Sad, but true: Americans are out of touch with wars
If you want to know how removed we are from the wars in Iraq and Afghanistan -- heck, from military matters altogether -- read Greg Jaffe's moving story in The Post about Lt. Gen. John Kelly and the loss of his son, 2nd Lt. Robert M. Kelly. The younger Kelly died after stepping on a land mine while leading a platoon of Marines in southern Afghanistan. He was 29.
Four days after receiving the news and undertaking the heartbreaking task of telling his wife about their son's death, Kelly delivered an unsettling truth during a speech in St.Louis last November. "We are in a life-and-death struggle, but not our whole country," he said. "One percent of Americans are touched by this war. Then there is a much smaller club of families who have given all." Did you catch that statistic? One percent of Americans -- Twitter-addled, Charlie Sheen-addicted and mall-hopping Americans -- are personally touched by this war.
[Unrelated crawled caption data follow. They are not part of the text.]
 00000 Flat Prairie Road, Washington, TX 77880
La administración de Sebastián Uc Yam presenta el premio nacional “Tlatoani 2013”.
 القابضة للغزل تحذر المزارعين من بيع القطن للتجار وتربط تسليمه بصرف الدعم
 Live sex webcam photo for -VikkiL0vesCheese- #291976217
Kelly's impassioned comment comes after a speech by Defense Secretary Robert Gates last September. "[T]here is a risk over time of developing a cadre of military leaders that politically, culturally, and geographically have less and less in common with the people they have sworn to defend," he said. And after a January "Chairman's Corner" blog post by Adm. Mike Mullen, chairman of the Joint Chiefs of Staff, in which he cited that same 1 percent stat, writing, "I worry that we could wake up one day and that the American people will no longer know us, and we won't know them."
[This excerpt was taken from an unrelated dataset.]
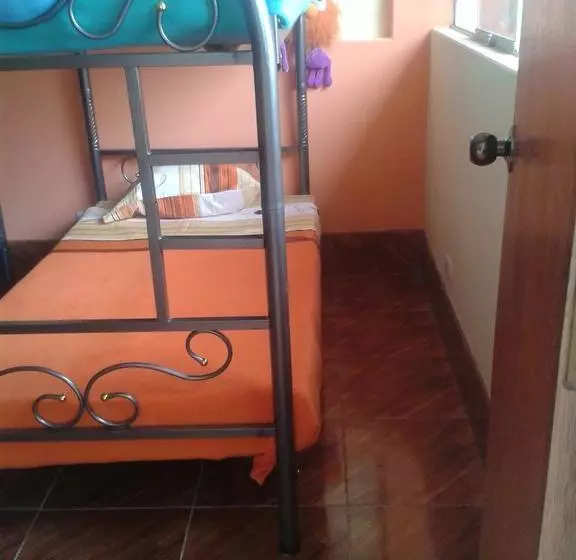 Aymarak Hostel & Camping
To be clear, no one is calling for a reinstatement of the draft. Yes, every year, Rep. Charlie Rangel (D-N.Y.) reintroduces a bill to do so. But even he knows his effort isn't going anywhere. What Rangel's annual gambit does, as do stories like Jaffe's today, is remind us that our liberty and the way of life we sometimes take for granted comes at a high price that 99 percent of us will never pay.